1. Obama wants to create tax incentives geared to boost job creation. 5000 dollars for each new worker hired, for example. Or reimbursed social security for an increase in hours. But geared toward smaller businesses, since you can’t make more than 500 000 dollars in all.
The program would cost about 33 million total. Obama wants to fund it with money paid back to the government by the banks that were bailed out.
It will be difficult to administer though because there will be small business trying to game the system, by for example firing a bunch of employees than hiring them back. The bill has thus been retooled to try to hedge these issues.
2. Robert Reich (former labor secretary and very esteemed economist and professor at Berkeley) agrees that this would be a good first step, but insists that the government must do more, a lot more, in order to get things moving in the right direction:
Many Americans borrowed too much during the boom years before the Great Depression, and now they’re paying the price. So they naturally analogize their own plight to that of the federal government and the economy as a whole. The government is too deep in debt, they reason. Logically, that means the only way out of the nation’s economic doldrums is for the government to mend its ways. The government has to reduce its budget deficit just like American families have to reduce theirs.
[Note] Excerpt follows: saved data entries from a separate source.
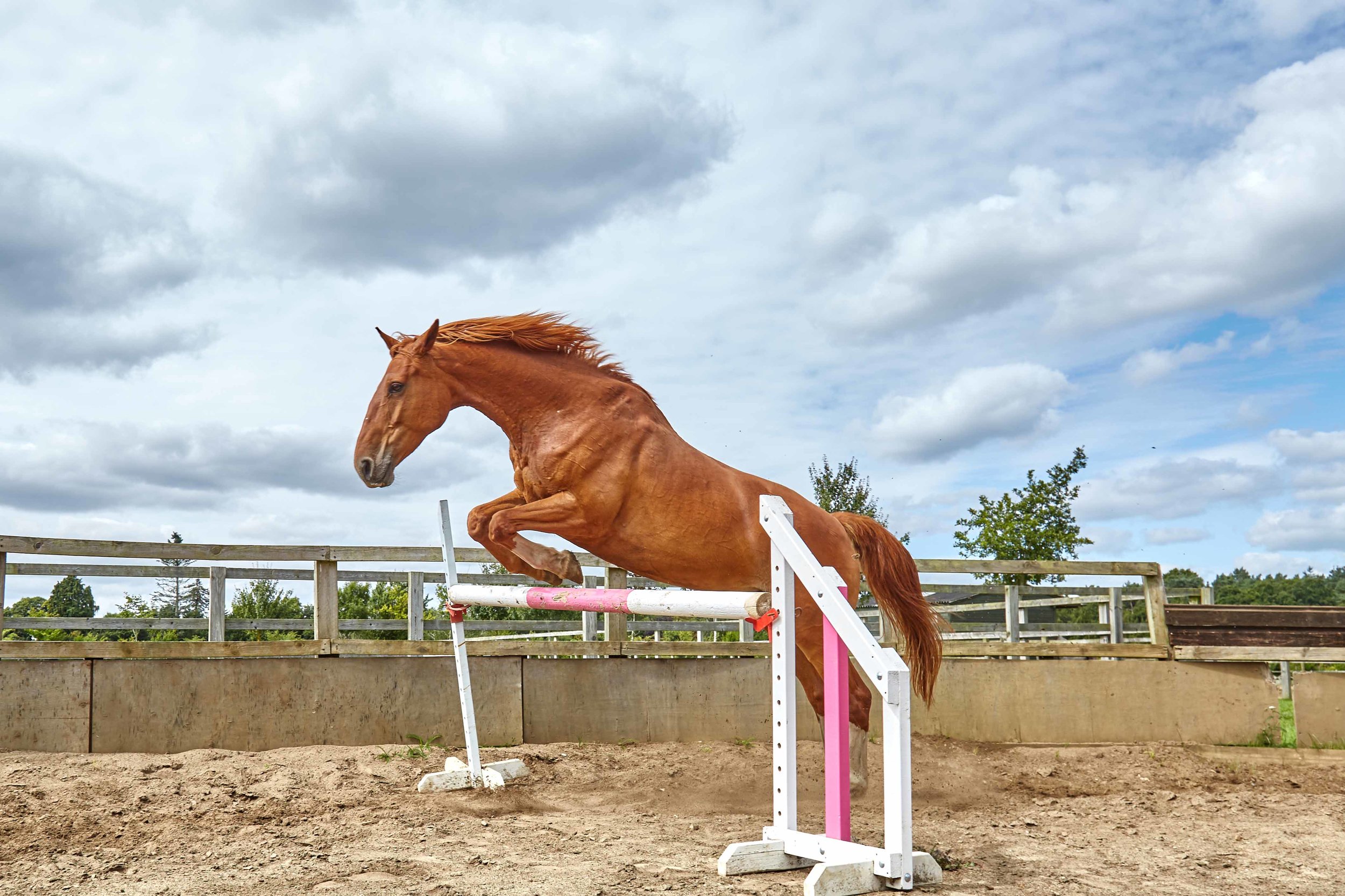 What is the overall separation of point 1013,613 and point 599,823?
5.60 meters

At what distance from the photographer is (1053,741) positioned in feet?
26.0

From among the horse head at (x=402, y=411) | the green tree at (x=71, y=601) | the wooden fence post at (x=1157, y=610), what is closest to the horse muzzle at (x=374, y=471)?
the horse head at (x=402, y=411)

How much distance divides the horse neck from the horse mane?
0.08 meters

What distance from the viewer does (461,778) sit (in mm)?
5230

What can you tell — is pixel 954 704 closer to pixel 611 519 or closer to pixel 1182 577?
pixel 611 519

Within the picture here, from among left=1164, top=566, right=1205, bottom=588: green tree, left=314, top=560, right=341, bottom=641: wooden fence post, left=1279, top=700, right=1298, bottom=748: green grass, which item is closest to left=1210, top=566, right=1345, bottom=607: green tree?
left=1164, top=566, right=1205, bottom=588: green tree

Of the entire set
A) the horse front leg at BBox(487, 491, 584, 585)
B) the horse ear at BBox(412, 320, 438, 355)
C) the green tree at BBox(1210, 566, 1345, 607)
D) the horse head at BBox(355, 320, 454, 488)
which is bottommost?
the green tree at BBox(1210, 566, 1345, 607)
This analogy is faulty, of course. If John Maynard Keyenes taught us anything, it’s that a federal budget is not at all like a family budget. In fact, it’s precisely because families have to pull in their belts that the federal government has to let its belt out. When consumers and businesses aren’t buying much of anything, the government has to fill the gap. That’s the only way to get jobs and get the economy moving again. Once the economy is percolating, the government can pull back. By then, tax revenues will soar, and the long-term deficit will shrink. (…But here again, it’s vitally important to separate the long term from the now.)